When I visited Michigan in the past few years, I met an extraordinarily smart and dedicated friend of public schools. Her name is Ellen Cogen Lipton. As a state legislator, she was fearless in challenging Governor Rick Snyder and his rightwing agenda of privatization.
The fight for public schools will be her leading issue as a candidate for Congress.
“Lipton, of Huntington Woods, served three terms in the state House and lost in the Democratic primary for the 11th District state Senate seat in 2014. She said she is running in the 9th Congressional District to fight against the policy goals of President Donald Trump and U.S. Secretary of Education Betsy DeVos.
“I’ve taken on Betsy DeVos to fight for public education and I’ll do it again,” Lipton said in a statement. “With my background in education, science, and the law, I’ll take on Donald Trump and the special interests who put the well-being of corporations before families trying to make ends meet.”
Ellen deserves our support. If you live in Michigan, please volunteer.
yay. Michigan has had ed reform for SO long. They’ve dominated since Engler. There are adults in Michigan who have known nothing else but “market based” ed reform. They have never heard ANYTHING else.
They gotta be ready for some new ideas. At least one or two new people.
“The evidence is adding up: The Great Recession did real damage to student learning.
New research suggests that when states cut funding in the wake of the economic downturn that began a decade ago, test scores and graduation rates both dropped. Those findings come on the heels of another study that found that being in school during the recession hurt students’ reading and math test scores.
The latest analysis, conducted by three Northwestern University researchers, found that the impact of the spending cuts was substantial. Cutting per-student spending by 10 percent throughout a student’s high-school years reduced their likelihood of graduating by nearly 3 percentage points.”
This is the second study that purports to show that public schools have been harmed since 2009. If ed reformers had done NOTHING else but protect funding levels they might have gotten greater gains than all the initiatives and plans and schemes.

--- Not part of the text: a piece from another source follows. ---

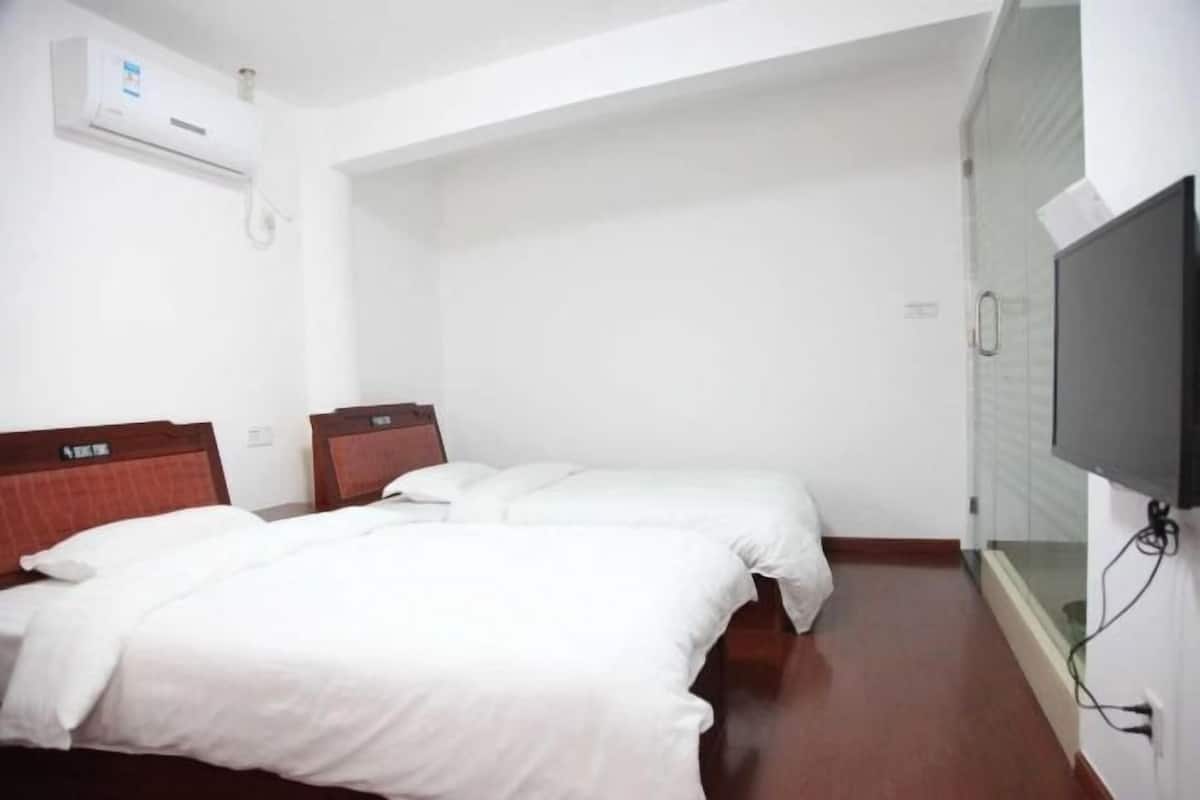 A hotel room with two beds, a TV, and an air conditioning unit.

If they had just plowed RttT into existing public schools to mitigate the losses as a general budget booster they would have done more good than they did with that whole elaborate scheme. But it was public schools. So no one could be bothered with boring problems like budget cuts. Don’t need consultants for that!
I believe this is Sandy Levin’s district (he is retiring after 4 billion years in Congress).
Speaking of disastrous ed reform in Michigan, the lead architect spent yet another day surrounded by the same 150 members of the ed reform club she’s been talking to for the last 20 years:
“Following are the prepared remarks by U.S. Secretary of Education Betsy DeVos to the American Enterprise Institute conference, “Bush-Obama School Reform: Lessons Learned,” today in Washington.
Thank you, Rick, for that kind introduction. Who would’ve thought that after we were last together on a panel in Grand Rapids a couple of years ago, I’d be here in this capacity today?”
Who indeed? I might have, since she meets exclusively with the same set of fellow travelers over and over again.
What would be really unusual would be if she ever met with anyone who supports or attends or works in a public school. That would be really cage-busting. How about a public school graduate? Do they even get hired in DC anymore, or do those resumes get pitched in the trash?
https://www.politico.com/magazine/story/2017/01/betsy-dick-devos-family-amway-michigan-politics-religion-214631
When I lived in Michigan, there was this push to get more people selling Amway. OMG, I was badgered. I was even told that I would be doing God’s work. Can’t make this stuff up. Of course, I did NOT sign up to sell soap and be a part of this well (fill in the blanks).
By the time you realize that you’ve been swindled you’ve become a swindler yourself. That’s how they get away with it.
Godspeed, Ms. Lipton!
How courageous….she will be standing up to Trump and DeVos. She should read “Follow the Money” by Michigan state professor Sarah Reckhow, and get a few clues about the role of the big money corporations encouraged by Arne Duncan and Bill Gates, who, despite his “generous help” to public education had his net wealth go from 68 billion to 93 billion dollars.